Hunger is not limited to the homeless and unemployed. Working families are struggling as well.
Many people believe that the only persons who visit food pantries are the homeless and minorities. There is also the perception that some folks who need supplemental food are trifling and are just trying to get free food. I’ve heard it all. The true fact is many people are living below the federal poverty line, comprising one of the largest groups experiencing food insecurity. A large majority of this group visits food pantries to supplement their monthly food budgets. Research has proven that unemployment, which contributes to poverty, is a better predictor of food insecurity in America. However, food insecurities are not limited to the unemployed or individuals below the poverty line.

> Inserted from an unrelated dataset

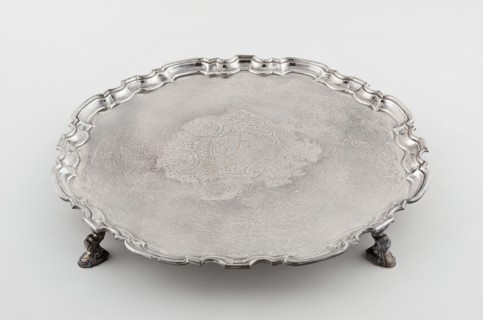 Tray, London, 1731/32. Creator: John Tuite.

Working families are also struggling with food insecurity. During the 2014 Hunger in America study, the federal poverty level was $23,550 for a family of four. These families had to choose between food and other necessities: rent, utilities and health care. Because of their lower incomes, 79% of households purchased inexpensive and unhealthy foods. These unhealthy food choices are linked to health issues such as diabetes and high blood pressure.
According to the 2014 Hunger in America study the faces of food pantry clients are:
Households facing challenges in securing full-time positions. The study reports that over half (57%) of employed client households are part-time employees (30 hours or less per week).
Whites (43%); African Americans (26%); and Latinos (20%)
Households that have a member who has served in the US military (20%)
Persons with post-high school education (41%)
Households with an annual household income of $30,000 or less (89%)
I hope this blog has made you aware of who is hungry in America.
Lets's All Eat Together!
The statistics were provided by the Feeding America 2014 Hunger in America Study.